INDRAMAYU – Kasus hukum yang menyita perhatian publik di Kelurahan Paoman kini memasuki tahapan peradilan. Dua terdakwa dalam sidang pembunuhan berencana satu keluarga tersebut menjalani agenda perdana di Pengadilan Negeri Indramayu pada Kamis,(26/2/2026).

Agenda utama dalam persidangan ini adalah pembacaan surat dakwaan oleh Jaksa Penuntut Umum (JPU) dari Kejaksaan Negeri Indramayu. Kedua terdakwa, yakni Ririn (36) dan Priyo (30), hadir mendengarkan poin-poin dakwaan yang disusun secara kombinasi oleh pihak kejaksaan.

Meskipun berkas perkara keduanya dipisahkan, JPU menggabungkan unsur subsideritas dan kumulatif dalam dakwaannya. 

Kepala Seksi Pidana Umum Kejaksaan Negeri Indramayu, Eko Supramurbada, memaparkan bahwa dakwaan primer yang dikenakan mengacu pada aturan hukum nasional terbaru.

Dalam sidang pembunuhan berencana ini, terdakwa dijerat Pasal 459 Undang-Undang Nomor 1 Tahun 2023 tentang KUHP juncto Pasal 20 huruf C. Selain itu, terdapat dakwaan subsider Pasal 458 serta pelanggaran terhadap Undang-Undang Perlindungan Anak.

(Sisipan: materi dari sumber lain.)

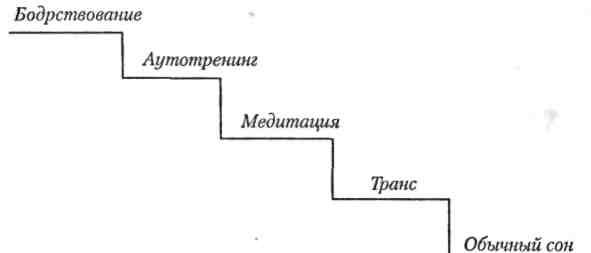 Филипп Богачев - Шаман в большом городе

Langkah ini diambil karena terdapat dua anak di bawah umur yang menjadi korban dalam tragedi yang terjadi pada akhir Agustus 2025 tersebut. Eko menegaskan bahwa konstruksi hukum yang dibangun sudah sesuai dengan fakta di lapangan.

“Dakwaan itu berkaitan dengan kasus pembunuhan berencana yang dilakukan secara bersamasama, dan kami sertakan juga Undang-Undang Perlindungan Anak karena adanya anak-anak yang menjadi korban,” ujarnya.

Tim JPU menyusun dakwaan berdasarkan hasil rekonstruksi yang memperkuat dugaan bahwa kedua terdakwa melakukan aksi tersebut secara kolektif. Eko menekankan bahwa beratnya konsekuensi hukum dalam sidang pembunuhan berencana ini tidak berubah meski menggunakan KUHP baru.

“Ancaman hukumannya kalau melihat KUHP yang sekarang tetap pidana mati,” kata Eko.

Setelah pembacaan dakwaan usai, majelis hakim yang dipimpin oleh Wimmy D Simarmata memutuskan untuk menunda persidangan guna memberikan kesempatan bagi pihak pembela.

Di sisi lain, penasihat hukum terdakwa, Ruslandi, memberikan catatan terkait jalannya persidangan. 

Ia mengaku cukup terkejut dengan dinamika yang muncul di ruang sidang, terutama terkait isu keterlibatan pihak lain yang tidak pernah muncul dalam tahap penyidikan awal.

“Jika memang ada pihak lain yang terlibat, hal tersebut harus disertai alat bukti yang jelas dan dapat dipertanggungjawabkan secara hukum,” ujar Ruslandi.

Rangkaian sidang pembunuhan berencana ini dijadwalkan akan berlanjut pada Rabu (4/3/2026) mendatang. Agenda selanjutnya adalah penyampaian eksepsi atau nota keberatan dari pihak terdakwa terhadap seluruh poin dakwaan yang telah disampaikan jaksa.